There are several reasons drivers quit. For now, I’d like to focus the one reason that seems to bubble to the top when drivers quit during the first six months: 

“The job wasn't what I expected.”

When you experience a lot of turnover during the first six months, you need to take a long, hard look at your recruiting process. In particular, how did you portray the job in the first place?  What do your ads and recruiters say? Drivers who quit during the first six months always say the same thing: the job wasn’t what I expected it would be.  Why is that?  Did someone lie? Or was it just an honest case of miscommunication?  What really happened? 

We wanted to get to the root cause. To do so, we relied partially on our study of human consciousness. Humans have the unique ability to create a mental story about our future.  We actually imagine the events unfolding and develop expectations.  We do it all day long, every day of our lives.  But sometimes our stories don’t come true. Reality fails to match our consciousness and we’re disappointed.

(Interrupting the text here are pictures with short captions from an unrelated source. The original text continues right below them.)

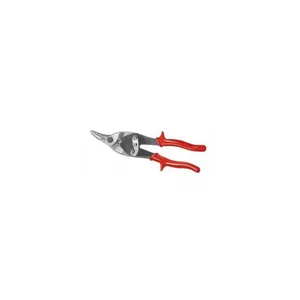 Metal Cutting Snips Sheet Metal Tools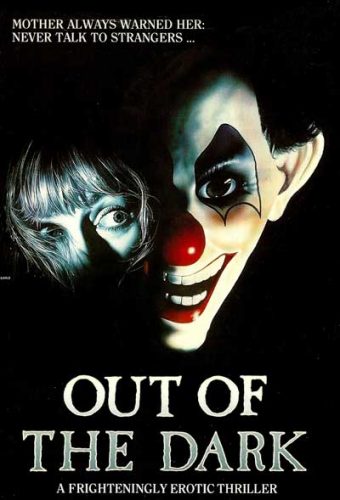 Out-of-the-Dark-1988-movie-Michael-Schroeder-(10)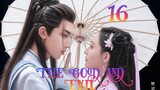 The Good and Evil (Tagalog) Episode 16 2021 720P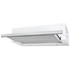 Robinhood 60cm Stainless Steel Slideout Rangehood RLES61SS-WH image NaN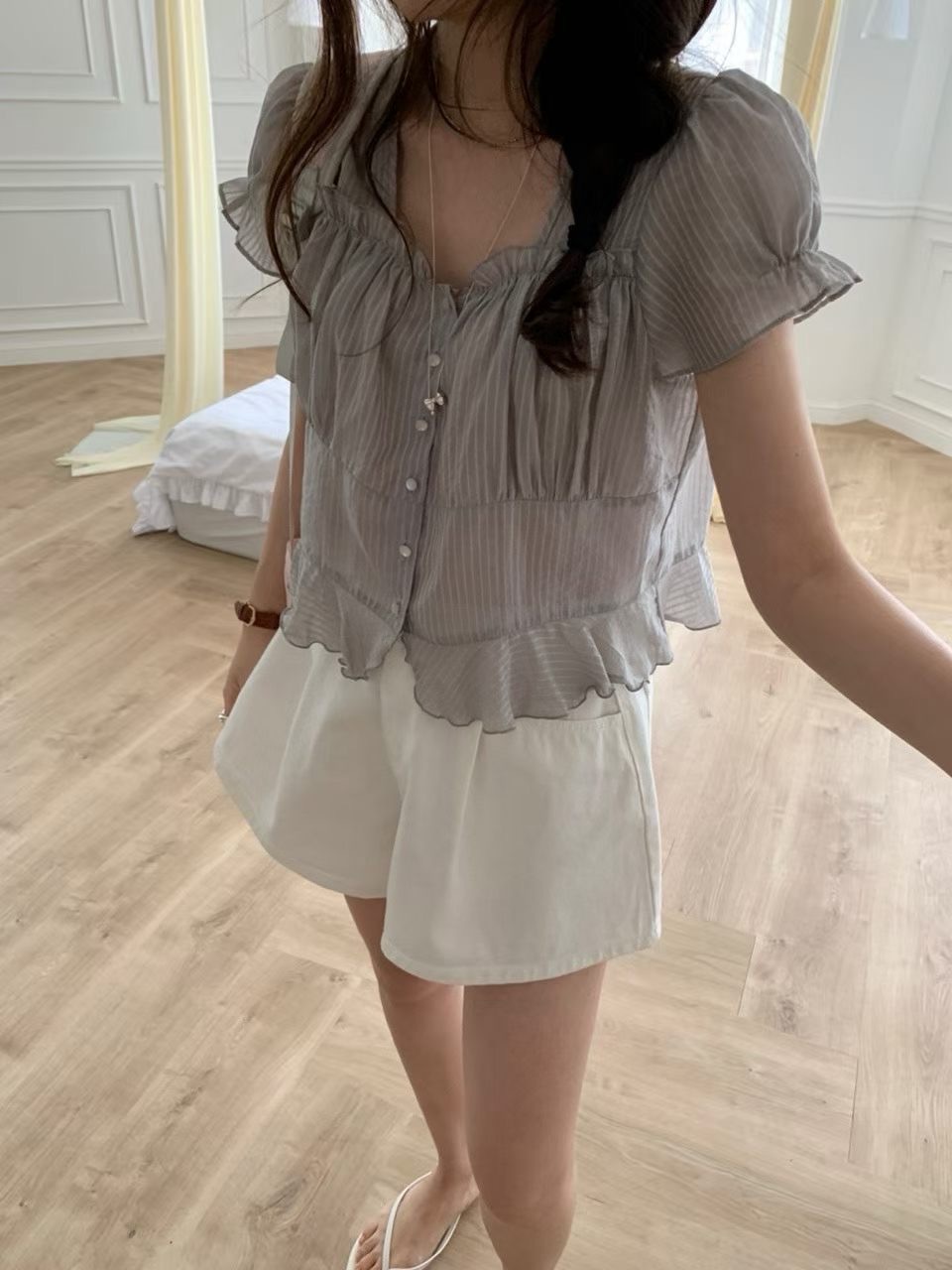 image_B2EC64B1-1A5A-4FC2-8FDD-8451E90B839A_1783674916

That’s exactly what happens when a driver says the job isn’t what they expected it would be.  They had a story, right or wrong, in their head, and it didn’t come true.  Is it the recruiter’s fault?  Did they over-promise?  Or is it the driver’s fault?  Did he or she create an overly rosy story about the job?  We don’t care about blame or fault.  We care about fixing the problem.

All different kinds of people apply to work for your company.  You need an effective way to portray the job as it actually is, regardless of how each applicant views the world.  You need to show the good, the bad and the ugly.

Here are three ways to do it:

  1. Driver-to-Driver Meeting
  2. Expectations Agreement
  3. Realistic Job Preview

The first strategy is simple and low cost.  Somewhere in your hiring process, schedule a direct one-on-one conversation between the applicant and one of your senior drivers.  This can be face to face or over the phone, but other than making the introduction, you shouldn’t be involved.  The two of them can have an open, honest, private and productive conversation about the true nature of the job.  Ideally, some of the applicants will realize that it’s not the right fit and will go somewhere else.  Congratulations, you just saved $5,000.

The second strategy is to create a one-page document that details the job and your expectations for how the driver must behave. It should also have a list of expectations the driver has for how he or she wants to be treated.

The third strategy is best: a Realistic Job Preview.  This is a six-minute video that objectively portrays all aspects of the job, alternating between the positives and the negatives.  It ends with the driver completing a self-assessment to self-determine if the job is a good fit. You don’t get to see their answers.  The self-assessment is for their eyes only and helps them determine if they are going to like the job.

These three strategies have been proven to reduce voluntary turnover in the first six months.  You can use one of them or all three.  They pay for themselves.